Heidegger: Reason is Grounded by Care
If Tillich’s notion of
ultimate concern frames reason in theological terms — as a responsiveness to what is of final or transcendent significance — Heidegger grounds the discussion in the facts of human existence. His account of
Dasein (the being for whom Being is a question) begins not with faith or transcendence, but with
facticity — the condition of being
thrown into a world already structured by meanings, relationships, and obligations.

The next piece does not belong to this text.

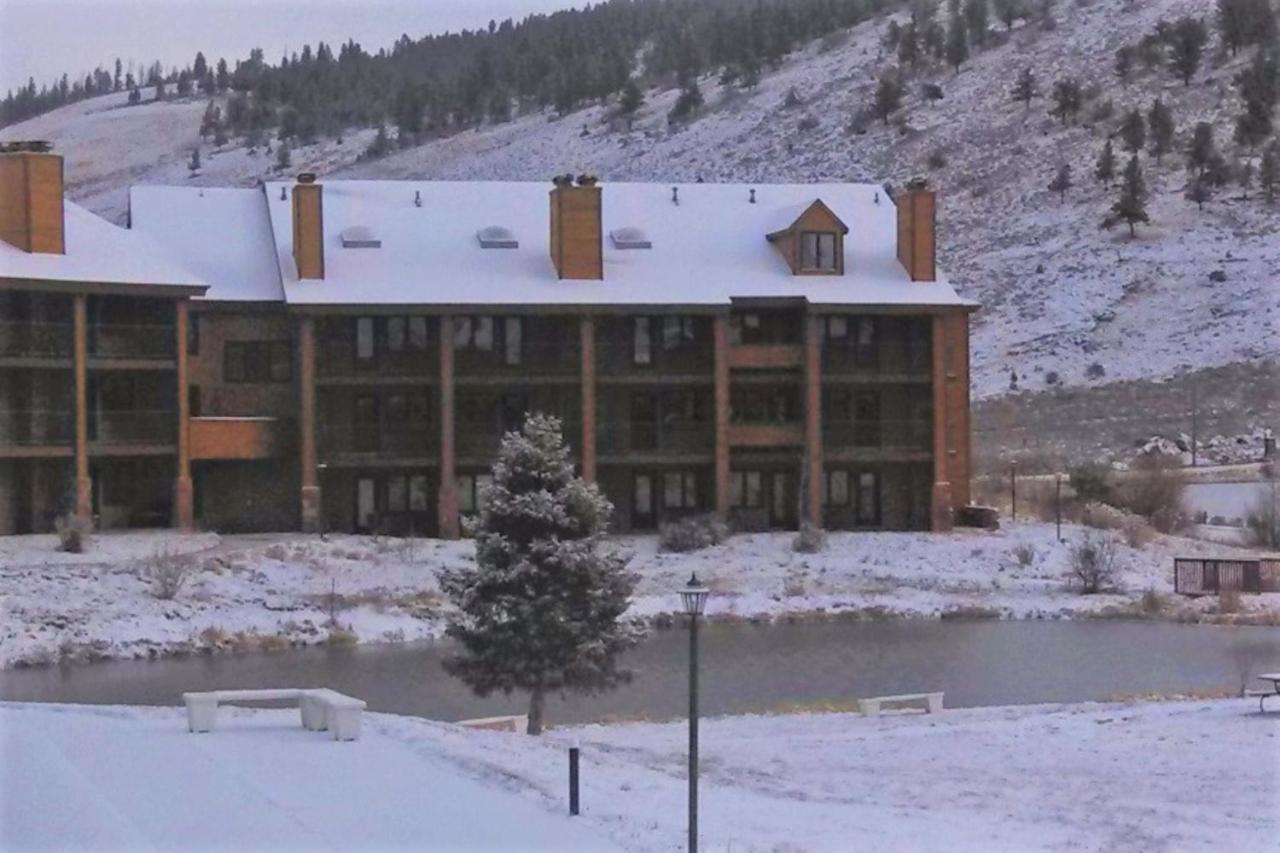 The Inn At Silvercreek Granby Exteriör bild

Even if Heidegger is not speaking in a theological register he, too, sees reason not merely as abstract inference but as embodied in
concerned involvement with the world. For Heidegger, we do not stand apart from existence as detached spectators. We are always already
in the world — in a situated, embodied, and temporally finite way. This “thrownness” (
Geworfenheit) is not a flaw but essential to existence. And we need to understand, because something
matters to us. Even logic, for Heidegger, is not neutral. It emerges from
care — our directedness toward what matters. This is the dimension of reasoning that is absent from AI systems.
What AI Systems Cannot DoThe reason AI systems do not
really reason, despite appearances, is, then, not a technical matter, so much as a philosophical one. It is because for those systems,
nothing really matters. They generate outputs that
simulate understanding, but these outputs are not bound by an inner sense of value or purpose. Their processes are indifferent to meaning in the human sense — to what it means to say something
because it is true, or
because it matters. They do not live in a world; they are not situated within an horizon of intelligibility or care. They do not seek understanding, nor are they transformed by what they express. In short, they lack
intentionality — not merely in the technical sense, but in the fuller phenomenological sense: a directedness toward meaning.
This is why machines cannot truly reason, and why their use of language — however fluent — remains confined to imitation or simulation. Reason is not just a pattern of inference; it is an
act of mind, shaped by actual concerns. The difference between human and machine intelligence is not merely one of scale or architecture — it is a difference in kind.
Finally, and importantly,
this is not a criticism, but a clarification. AI systems are enormously useful and may well reshape culture and civilisation. But it's essential to understand what they are — and what they are not — if we are to avoid confusion, delusion, and self-deception in using them.